Plots vs. the EPOCH number

Here you can see what is the value of the parameters vs. the number of epochs to get an idea of how the parameters converges to the expected value.

# Cost function vs Iterations plot

fig = plt.figure()
start_epoch = 0

plt.plot(np.arange(0,200), w1l[start_epoch:200], 'k--', color = 'blue', label = 'Gradient Descent')#, marker = 'o', markersize = 5)
plt.plot(np.arange(0,200), w1_adam_list[start_epoch:200], 'k--', color = 'black', label = 'Adam')#, marker = 'o', markersize = 5)
plt.plot(np.arange(0,200), w1_rmsprop_list[start_epoch:200], 'k--', color = 'red', label = 'RMSProp')#, marker = 'o', markersize = 5)


plt.ylabel('$w_1$', fontproperties = fm.FontProperties(fname = f))
plt.xlabel('Epochs', fontproperties = fm.FontProperties(fname = f))
plt.hlines(0.5, -10, 200, ls = 'dotted', label = 'Expected value')

plt.xlim(-10,200)
plt.axis(True)
plt.legend(loc = 'best')
fig.savefig('w1_vs_n.png', dpi = 300)

plt.show()
../_images/Optimizers_comparison_31_0.png

Note that the RMSProp optimizer oscillates around the correct value and you can see that clearly if you zoom around the expected value (see below).

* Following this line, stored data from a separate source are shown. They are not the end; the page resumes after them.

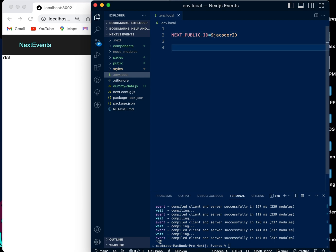That was for when we want both the browser and the Next application to see the variable. But if we only want the Node application to see it — if we don't want the browser to see the environmental variable — then we name it differently, like DB_HOST.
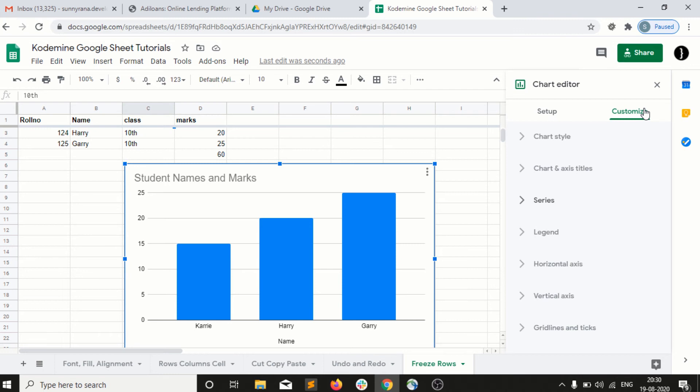Using graphs, we can understand the data and information in a very direct manner, rather than going into the table searching about which is the large value, which is the smallest value.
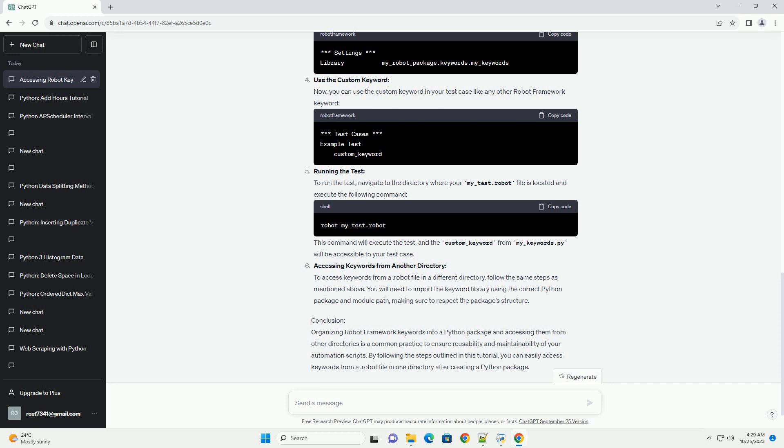Accessing keywords from another directory. To access keywords from a .robot file in a different directory, follow the same steps as mentioned above. You will need to import the keyword library using the correct Python package and module path, making sure to respect the package's structure.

# Cost function vs Iterations plot

fig = plt.figure(figsize = (12,6))
start_epoch = 0

plt.plot(np.arange(0,200), w1l[start_epoch:200], 'k--', color = 'blue', label = 'Gradient Descent')#, marker = 'o', markersize = 5)
plt.plot(np.arange(0,200), w1_adam_list[start_epoch:200], 'k--', color = 'black', label = 'Adam')#, marker = 'o', markersize = 5)
plt.plot(np.arange(0,200), w1_rmsprop_list[start_epoch:200], 'k--', color = 'red', label = 'RMSProp')#, marker = 'o', markersize = 5)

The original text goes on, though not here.